TASK DESCRIPTION: For this exercise, write out only the lines of the entries below from the one with "Đất thổ cư Long" up to and including the one with "2013_11_30_132-3 (resized)", exactly as they are. Pictures stay out.

EXERCISE MATERIAL:
================
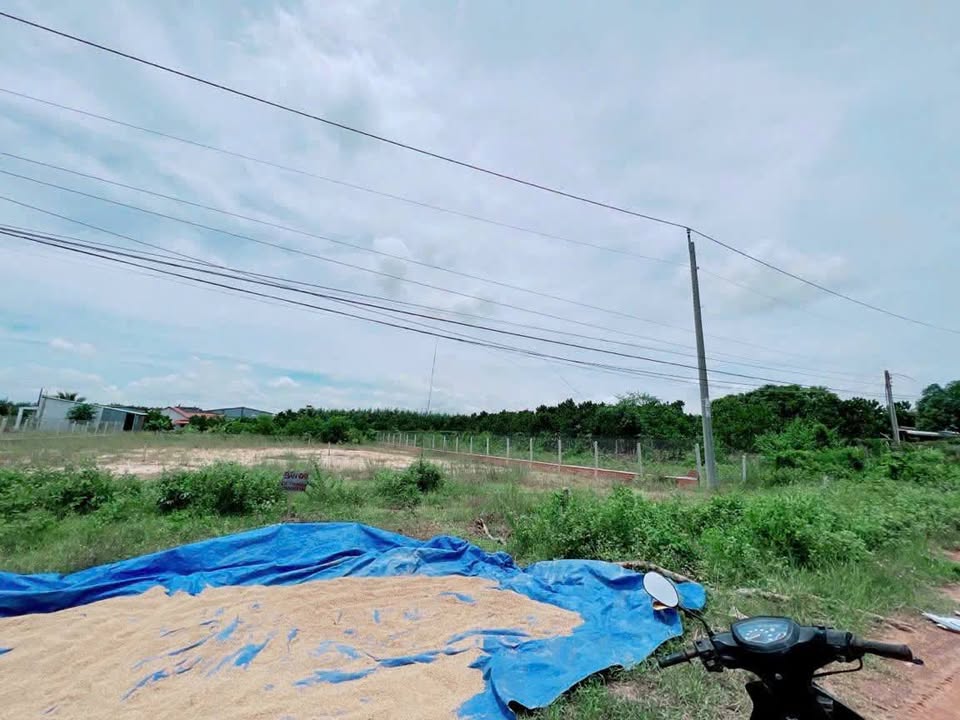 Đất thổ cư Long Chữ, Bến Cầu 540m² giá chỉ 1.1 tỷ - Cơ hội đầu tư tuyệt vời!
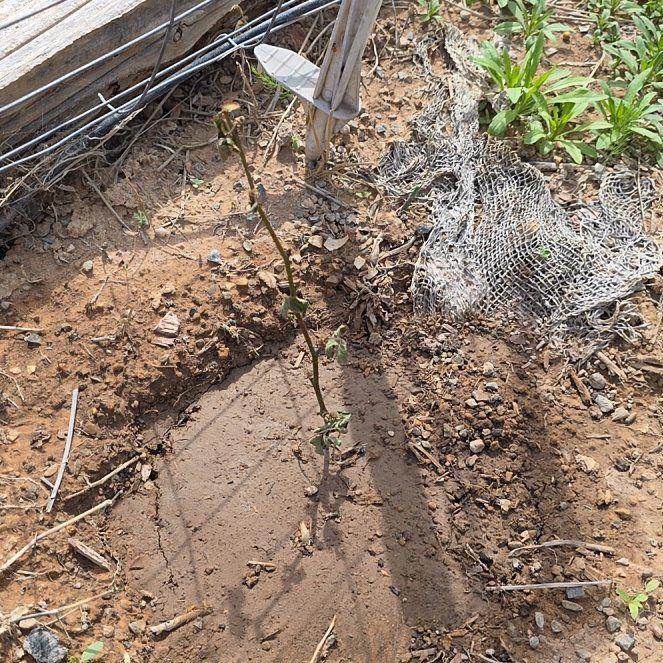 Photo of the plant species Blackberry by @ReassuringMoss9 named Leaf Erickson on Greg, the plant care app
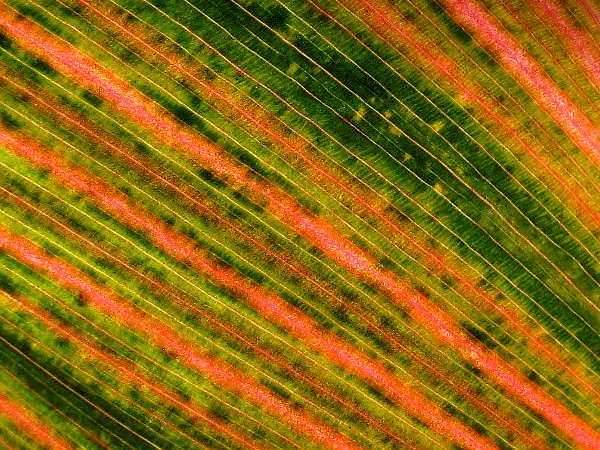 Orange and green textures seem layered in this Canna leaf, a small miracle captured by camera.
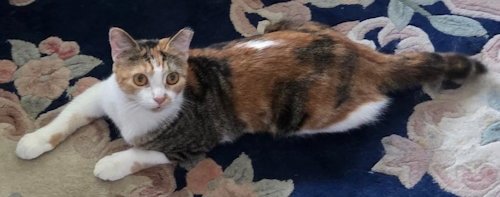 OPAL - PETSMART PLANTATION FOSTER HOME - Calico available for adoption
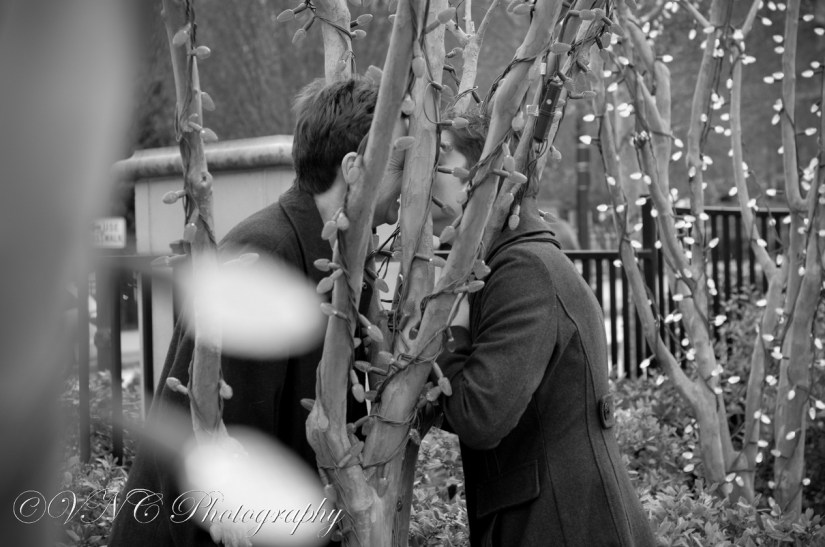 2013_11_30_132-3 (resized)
================
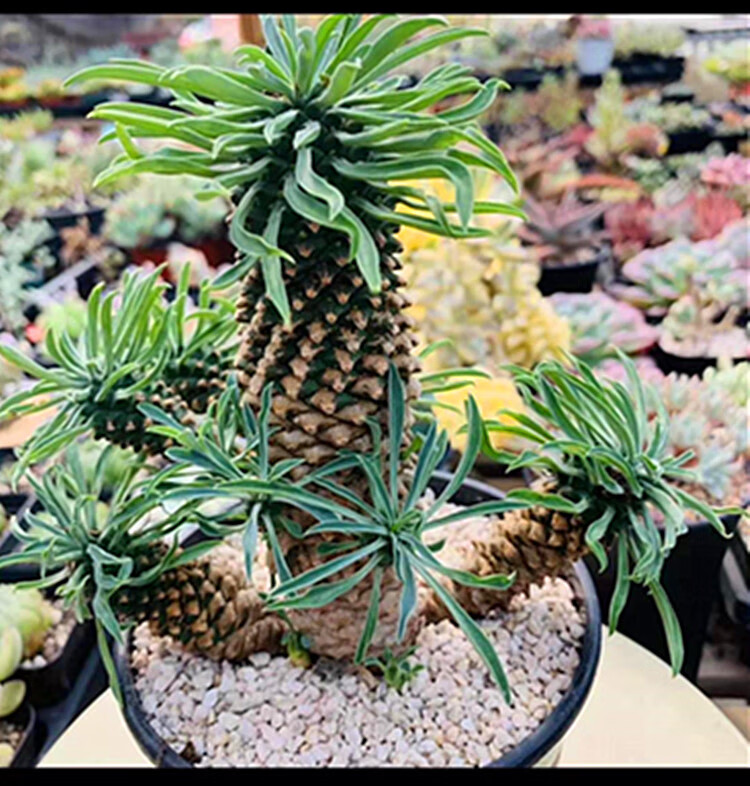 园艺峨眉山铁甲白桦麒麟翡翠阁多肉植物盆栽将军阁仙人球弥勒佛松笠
================
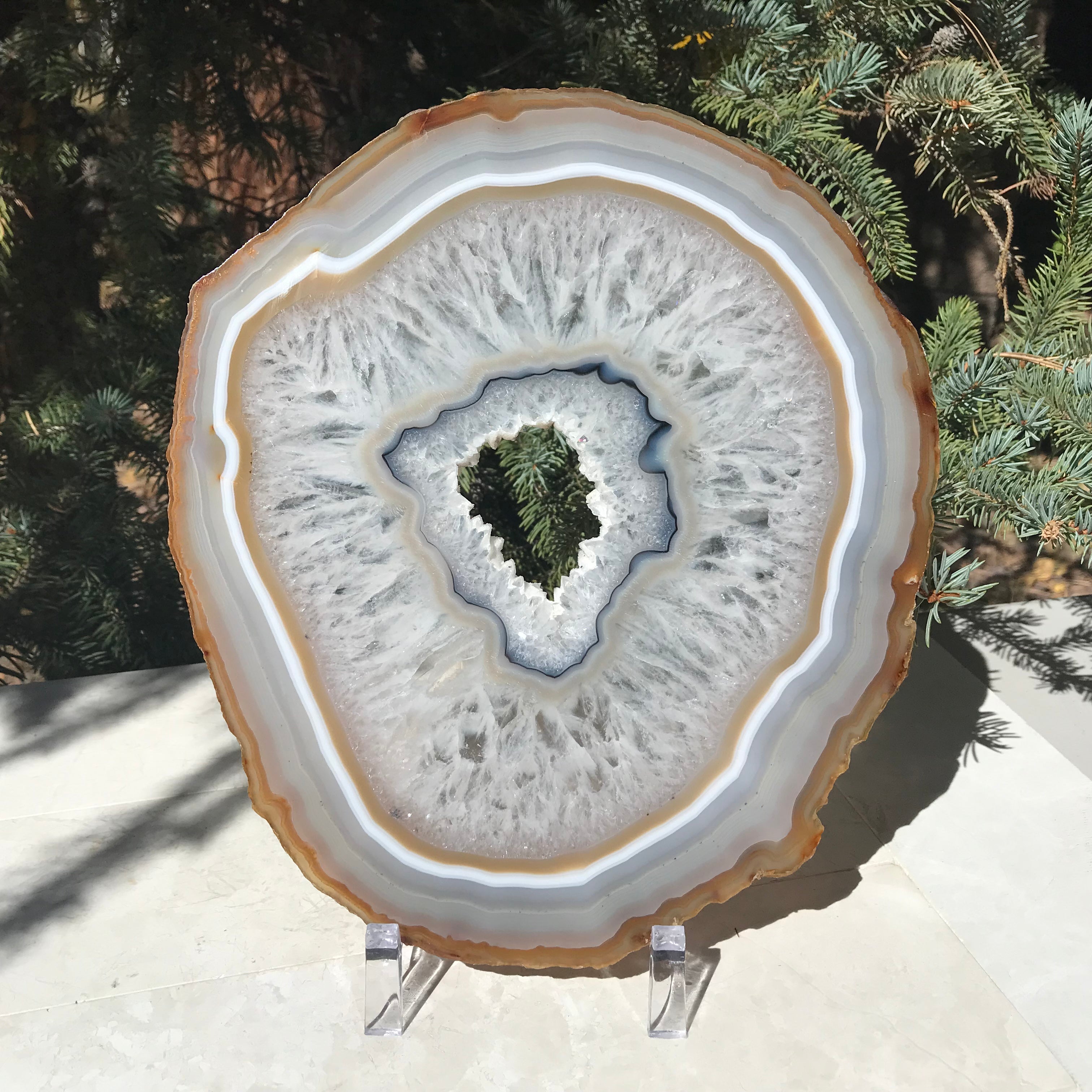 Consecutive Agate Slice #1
================
RESPONSE BOX:
 Đất thổ cư Long Chữ, Bến Cầu 540m² giá chỉ 1.1 tỷ - Cơ hội đầu tư tuyệt vời!
 Photo of the plant species Blackberry by @ReassuringMoss9 named Leaf Erickson on Greg, the plant care app
 Orange and green textures seem layered in this Canna leaf, a small miracle captured by camera.
 OPAL - PETSMART PLANTATION FOSTER HOME - Calico available for adoption
 2013_11_30_132-3 (resized)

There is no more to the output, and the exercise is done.